Pictures aside, repeat every record below exactly.

[Task inputs]

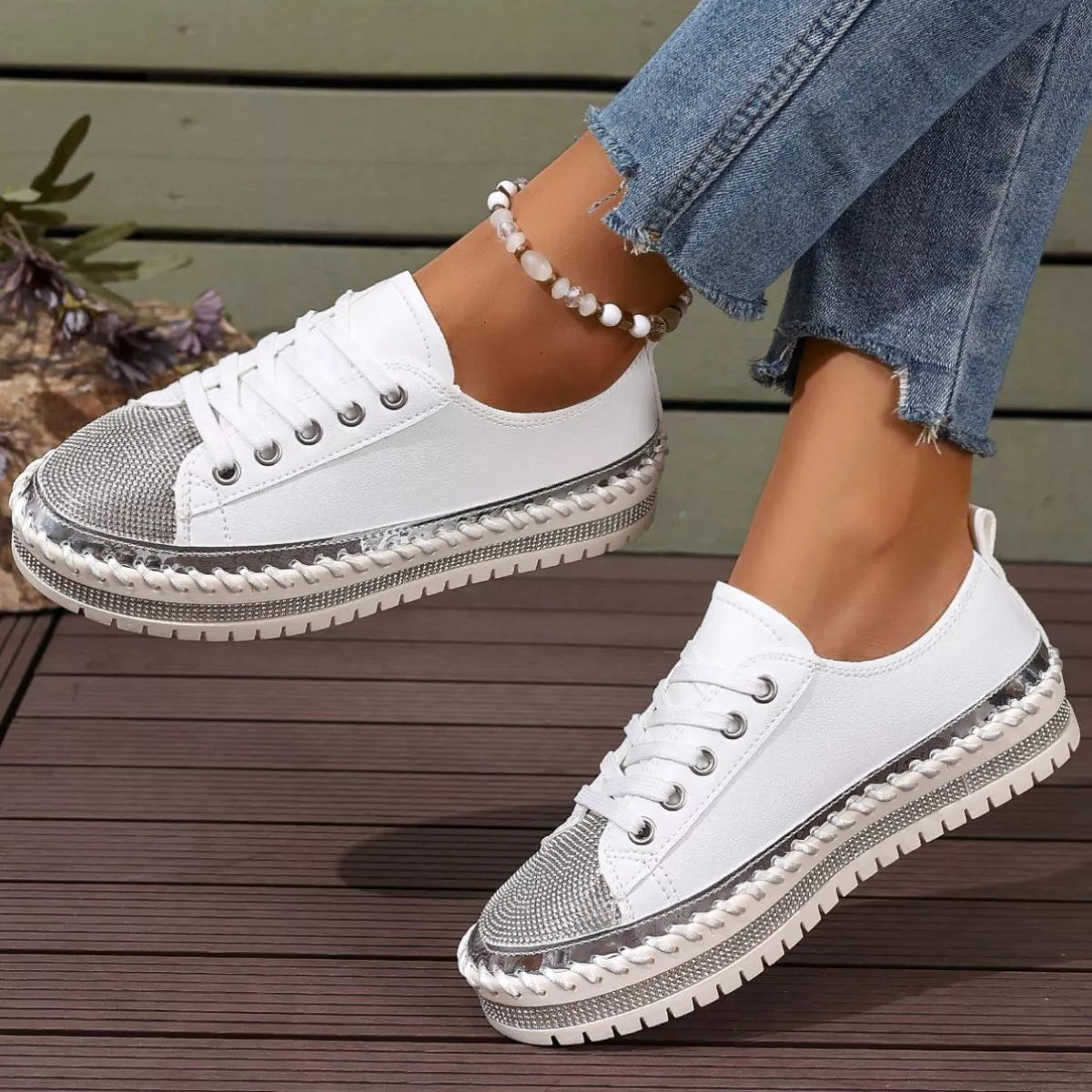 Round Toe Platform Sneakers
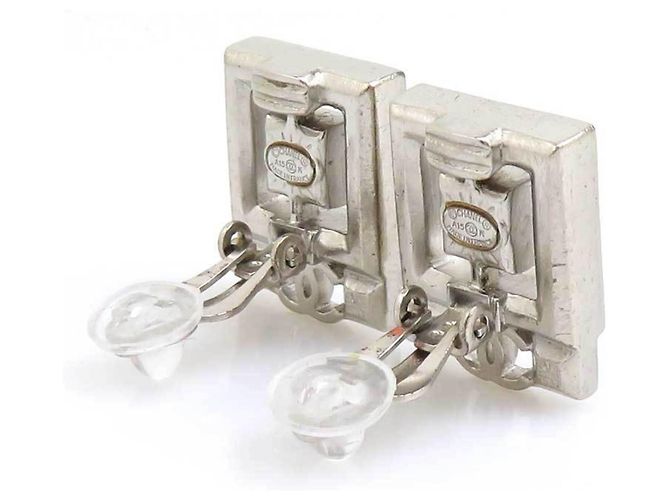 Pendientes de clip Chanel negro y plata - vista 3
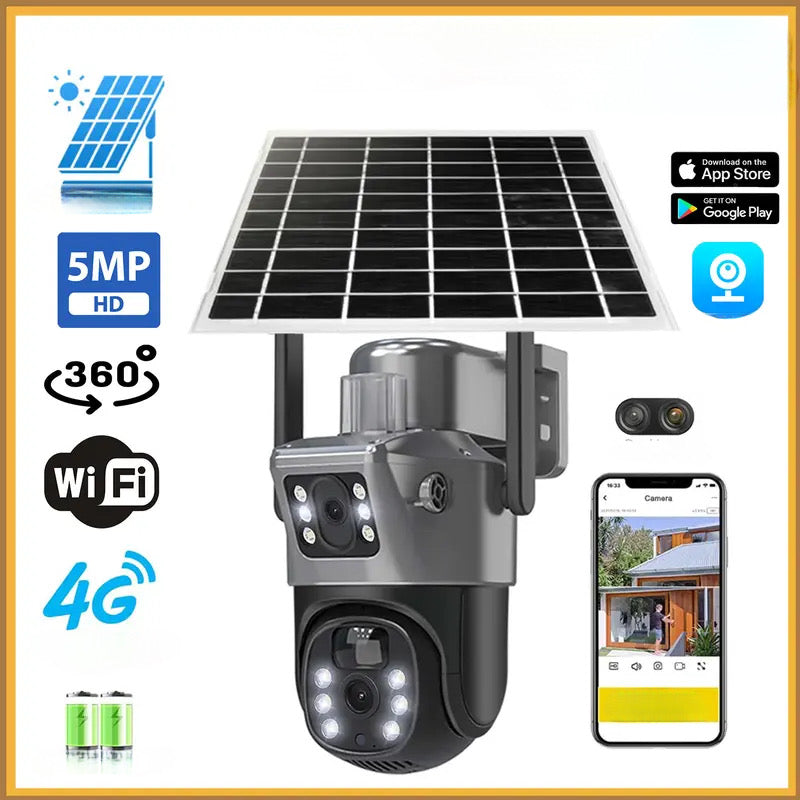 Camera supraveghere 8MP 2K cu panou solar, detectie miscare si zoom 10X+CARD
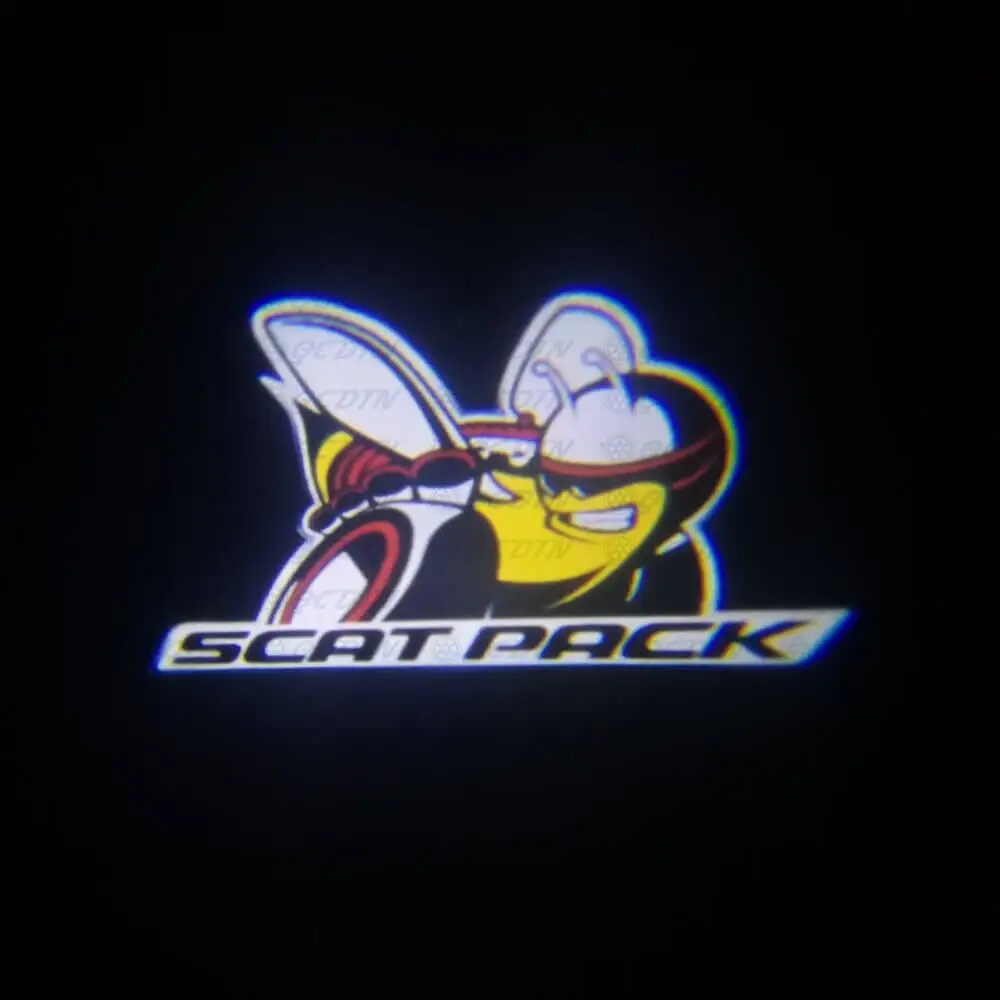 QCDIN, 2 шт., для Dodge charger Scat Pack, Автомобильный светодиодный светильник с логотипом, дверной светильник с логотипом для Dodge Super Bee Scat Pack 392 - Испускаемый цвет: Scat Pack Logo 1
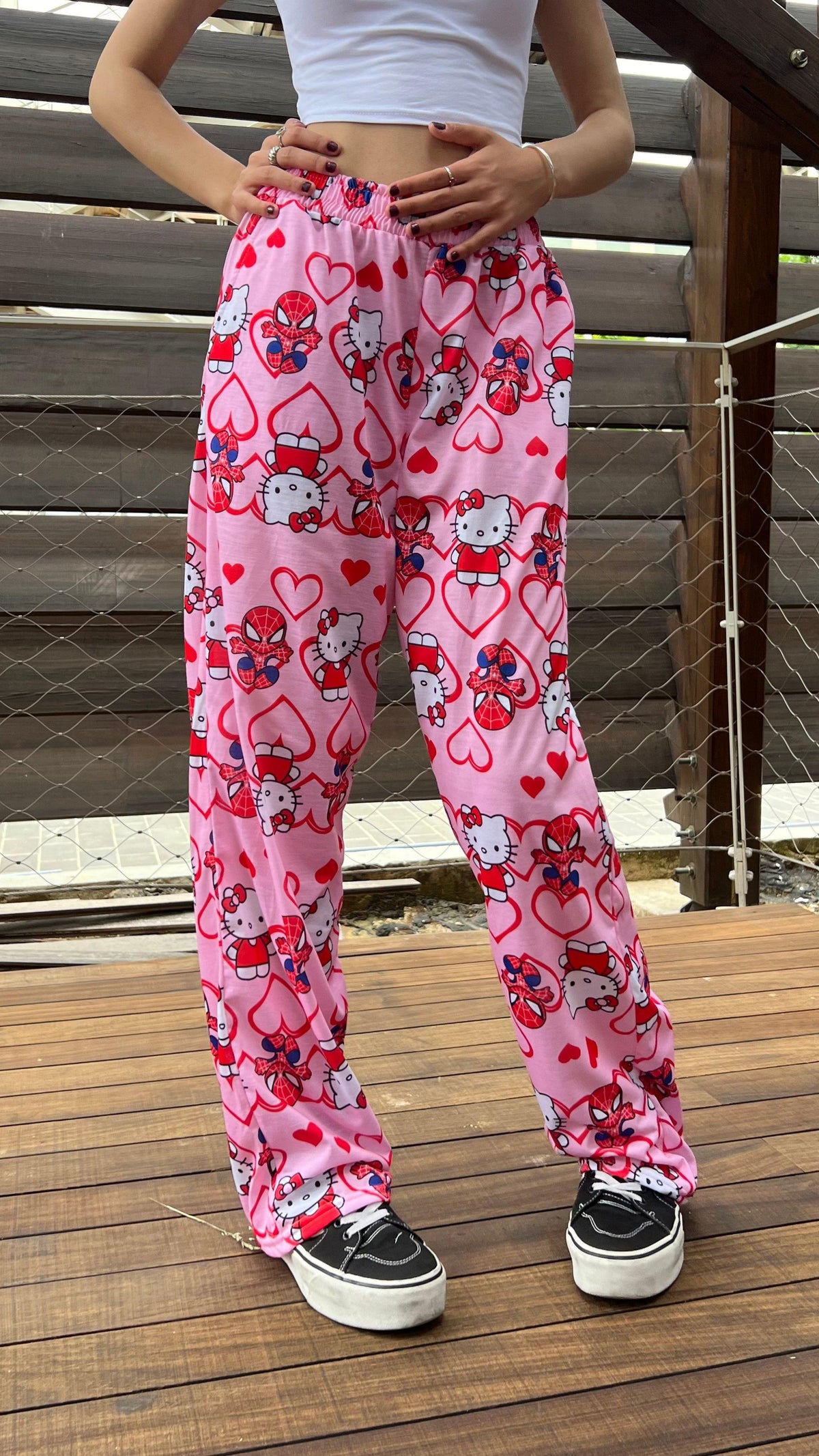 Hello Kitty & Spider-Man Detaylı Pembe Unisex Bol Eşofman Altı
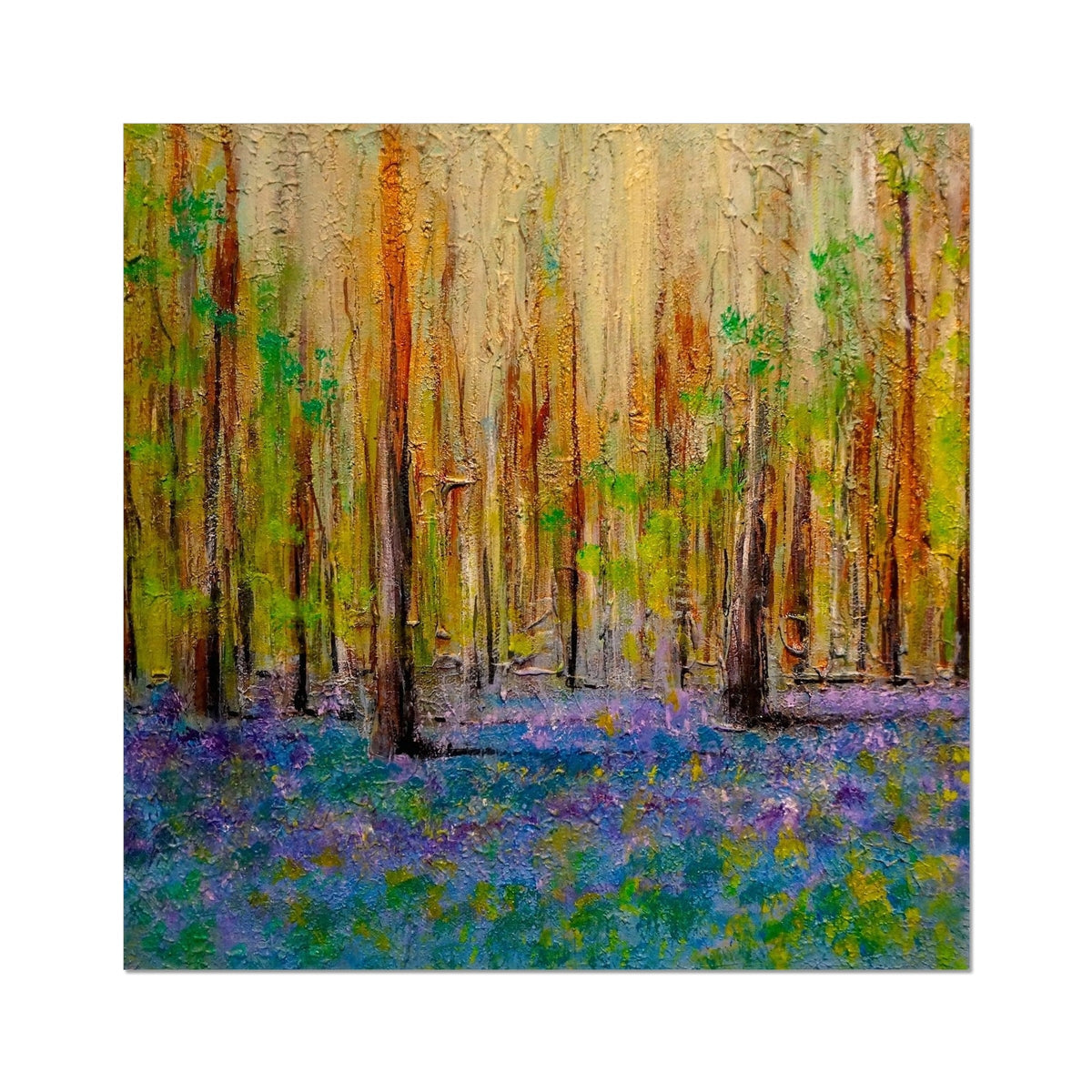 Impressionistic Highland Bluebells Artist Proof Collector Print of a forest with bluebell flowers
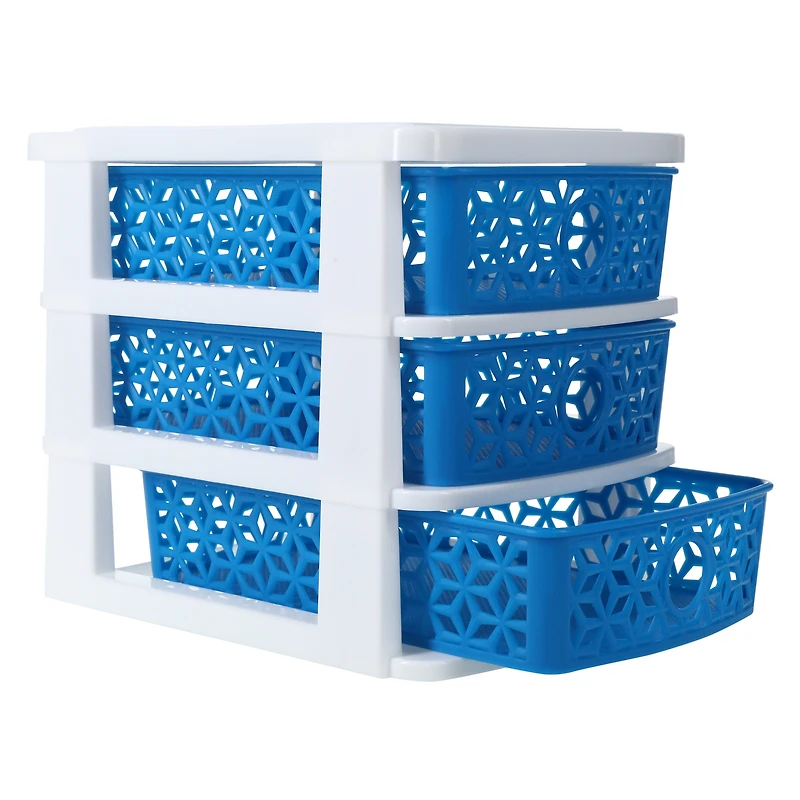 kaleidoscope weave 3-drawer mini organizer 7.5in x 6.2in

[/Task inputs]

[Solved exercise]
 Round Toe Platform Sneakers
 Pendientes de clip Chanel negro y plata - vista 3
 Camera supraveghere 8MP 2K cu panou solar, detectie miscare si zoom 10X+CARD
 QCDIN, 2 шт., для Dodge charger Scat Pack, Автомобильный светодиодный светильник с логотипом, дверной светильник с логотипом для Dodge Super Bee Scat Pack 392 - Испускаемый цвет: Scat Pack Logo 1
 Hello Kitty & Spider-Man Detaylı Pembe Unisex Bol Eşofman Altı
 Impressionistic Highland Bluebells Artist Proof Collector Print of a forest with bluebell flowers
 kaleidoscope weave 3-drawer mini organizer 7.5in x 6.2in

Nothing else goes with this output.